Forgery Act 1830
- Parliament of the United Kingdom
- Long title: An Act for reducing into One Act all such Forgeries as shall henceforth be punished with Death, and for otherwise amending the Laws relative to Forgery.
- Citation: 11 Geo. 4 & 1 Will. 4. c. 66
- Introduced by: Sir Robert Peel MP (Commons)
- Territorial extent: United Kingdom

Dates
- Royal assent: 23 July 1830
- Commencement: 21 July 1830
- Repealed: 1 January 1979

Other legislation
- Amends: See § Repealed enactments
- Repeals/revokes: See § Repealed enactments
- Amended by: Forgery, Abolition of Punishment of Death Act 1832; Forgery Act 1837; Criminal Statutes Repeal Act 1861; Statute Law Revision Act 1890; Marriage Act 1949;
- Repealed by: Parochial Registers and Records Measure 1978
- Relates to: Criminal Statutes Repeal Act 1827; Criminal Law Act 1827; Larceny Act 1827; Malicious Injuries to Property Act 1827; Remedies against the Hundred Act 1827; Offences Against the Person Act 1828; Criminal Statutes (Ireland) Repeal Act 1828; Criminal Law (India) Act 1828; Offences Against the Person (Ireland) Act 1829; Coinage Offences Act 1832; Forgery, Abolition of Punishment of Death Act 1832; Forgery Act 1837; Accessories and Abettors Act 1861; Criminal Statutes Repeal Act 1861; Larceny Act 1861; Malicious Damage Act 1861; Forgery Act 1861; Coinage Offences Act 1861; Offences Against the Person Act 1861;

Status: Repealed

History of passage through Parliament

Records of Parliamentary debate relating to the statute from Hansard

Text of statute as originally enacted

= Forgery Act 1830 (UK) =

Act of the Parliament of the United Kingdom

The Forgery Act 1830 (11 Geo. 4 & 1 Will. 4. c. 66) was an act of the Parliament of the United Kingdom that consolidated for England and Wales all legislation imposing the death penalty for forgery (except for counterfeiting coins) into one act.
== Provisions ==
=== Section 2 – Forging the Great Seal, Privy Seal, Privy Signet, Royal Sign Manual etc, treason and capital ===
Section 2 of the act replaced the corresponding provisions in the Treason Act 1351 (25 Edw. 3 Stat. 5. c. 2) and the Treason Act 1553 (1 Mar. Stat. 2. c. 1). This form of treason was reduced to felony when section 2 was replaced by the Forgery Act 1861 (24 & 25 Vict. c. 98).
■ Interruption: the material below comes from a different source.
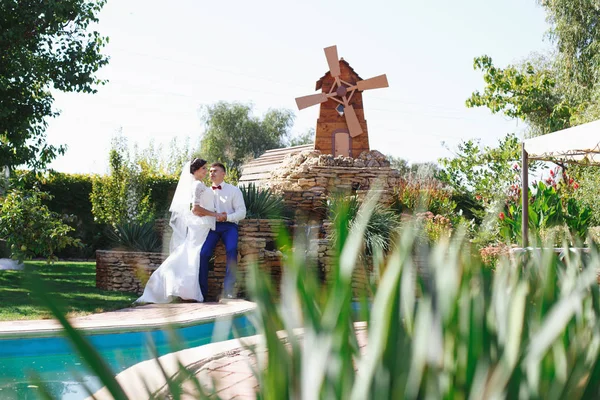 Apenas Casado Casal Hipster Amoroso Vestido Noiva Terno Parque Noiva — Fotografia de Stock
== Subsequent developments ==
Two years later, the Forgery, Abolition of Punishment of Death Act 1832 (2 & 3 Will. 4. c. 123) abolished the death penalty for most of these offences.

The Forgery Act 1837 (7 Will. 4. & 1 Vict. c 84) later abolished the death penalty for the remaining offences.

The words "and be it enacted" in section 21 of the act were repealed by section 1 of, and the schedule to, the Statute Law Revision (No. 2) Act 1888 (51 & 52 Vict. c. 3), which came into force on 24 December 1888.

As to trial of offences under the act at quarter sessions, see section 17 of the Central Criminal Court Act 1834 (4 & 5 Will 4 c 36).

The act was adopted in New South Wales by section 1 of the act 4 Will 4 No 4.

The whole act, except section 21, was repealed on 1 November 1861 by section 1 of, and the schedule to, the Criminal Statutes Repeal Act 1861 (24 & 25 Vict. c. 95).

The whole act, except section 21, was repealed as to New Zealand by section 3 of, and the first part of the schedule to, the Repeals Act 1878 (42 Vict No 28).

Section 21 of the act was repealed by section 26(2) of, and schedule 4 to, the Parochial Registers and Records Measure 1978 (No. 2). It is replaced by section 4 of that measure.

The whole act was repealed for the Republic of Ireland by sections 2 and 3 and part 4 of schedule 2 to the Statute Law Revision Act 2007.